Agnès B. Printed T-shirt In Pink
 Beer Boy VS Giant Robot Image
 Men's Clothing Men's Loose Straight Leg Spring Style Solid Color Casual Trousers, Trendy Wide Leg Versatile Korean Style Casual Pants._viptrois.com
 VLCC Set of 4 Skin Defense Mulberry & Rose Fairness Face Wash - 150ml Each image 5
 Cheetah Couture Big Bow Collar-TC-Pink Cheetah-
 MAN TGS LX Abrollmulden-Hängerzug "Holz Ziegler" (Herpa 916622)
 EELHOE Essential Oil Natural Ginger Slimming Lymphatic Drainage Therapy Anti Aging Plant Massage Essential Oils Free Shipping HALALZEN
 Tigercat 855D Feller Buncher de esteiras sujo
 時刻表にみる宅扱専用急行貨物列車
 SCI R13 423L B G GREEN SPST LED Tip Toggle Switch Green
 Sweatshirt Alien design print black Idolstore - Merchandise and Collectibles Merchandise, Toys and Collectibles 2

§ §

Task to complete: Your answer must be the lines from the one that contains "Cheetah Couture Big" through the last line of the entries above, copied exactly, with no other lines.

Solution to the problem:
 Cheetah Couture Big Bow Collar-TC-Pink Cheetah-
 MAN TGS LX Abrollmulden-Hängerzug "Holz Ziegler" (Herpa 916622)
 EELHOE Essential Oil Natural Ginger Slimming Lymphatic Drainage Therapy Anti Aging Plant Massage Essential Oils Free Shipping HALALZEN
 Tigercat 855D Feller Buncher de esteiras sujo
 時刻表にみる宅扱専用急行貨物列車
 SCI R13 423L B G GREEN SPST LED Tip Toggle Switch Green
 Sweatshirt Alien design print black Idolstore - Merchandise and Collectibles Merchandise, Toys and Collectibles 2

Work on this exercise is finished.